TRANSLATION: lady of the bridge
HABITAT: very old, very long bridges
APPEARANCE: Hashihime are intensely jealous goddesses who inhabit bridges — in particular, very old and very long bridges. As goddesses, hashihime may take different forms depending on occasion, however they are commonly depicted wearing white robes, white face-paint, an iron trivet, and carrying five candles. This is a ceremonial outfit used to perform curses.
INTERACTIONS: Hashihime ferociously guard the bridges they inhabit. As with most gods connected to a location, they are very competitive and jealous. If one praises or speaks positively about another bridge while on top of a hashihime’s bridge, or if one recites lines from certain Noh plays that feature a woman’s wrath as the main theme, something terrible is likely to happen to that person.
Despite their fearsome nature, they are highly honored by the people who live nearby, and shrines are established in their honor near the bridges they inhabit. In times of war, residents will beseech their local hashihime to guard the bridge against invaders. In times of peace, hashihime are goddess of separation and severing, and are asked to aid people in things such as break-ups, divorce, and severing bad luck. So strong is their power of severing that it is considered taboo for lovers to pass in front of a hashihime shrine together, or for wedding processions to pass in front of one. If newlyweds need to cross a bridge inhabited by a hashihime, they will instead pass underneath it on a boat rather than risk cursing their marriage.

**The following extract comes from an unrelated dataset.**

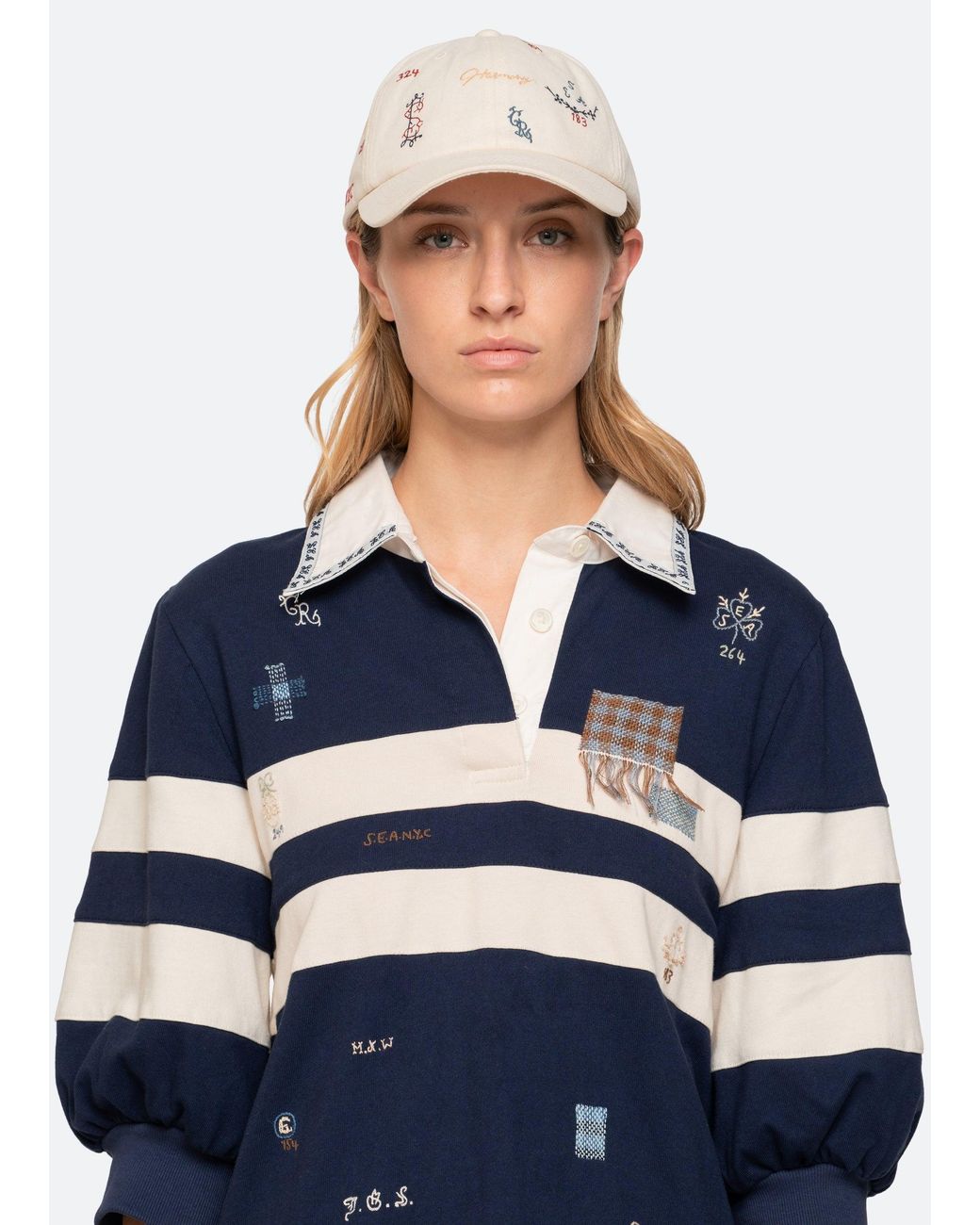 Sea White Claira Hat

LEGENDS: The most famous hashihime story comes from Tsurugi no Maki, in The Tale of the Heike, and is retold in the noh play Kanawa.
A woman visited the the Kifune-jinja in Kyoto at the hour of the ox (roughly 2 am), filled with rage and jealousy towards her ex-husband who had thrown her away for another woman. Night after night she visited the shrine, praying to the gods enshrined there to turn her into a powerful demon. The woman wanted nothing else other than to see her ex-husband destroyed, even at the cost of her own life. After seven nights of pilgrimage, her prayers were answered: the gods told her that if she immersed herself in the Uji river for twenty-one nights, she would become a living demon.
The woman did as she was bid. She donned a white robe and tied her hair up into five horns. She painted her face and covered her body in crimson dye. She placed an upturned trivet on her head and attached torches to each foot. She lit a torch on both ends and placed it in her mouth. She immersed herself in the Uji river and for twenty-one days she kindled the hatred in her heart. Then, just as the gods told her, after twenty-one days she transformed into a terrible kijo with supreme power. She had become the hashihime of Uji.
That night, her husband awoke from a horrible dream with a premonition of danger. He quickly sought out the famous onmyōji, Abe-no-Seimei. Seimei recognized the dream as a sign that the man’s former wife would come and destroy the couple that very night, and promised to save them. He went to their house, recited magical prayers, and crafted two katashiro — magical paper doll representations of the man and his wife, meant to be used as substitutionary targets for the kijo’s rage. That night, as Seimei had predicted, the demon appeared. She attacked the two katashiro instead of the real couple, and Seimei’s magic worked: her power was reflected back upon her and she was driven away. The demon woman, realizing that she could not overcome Abe-no-Seimei’s magic, vanished, threatening that she would come back another time.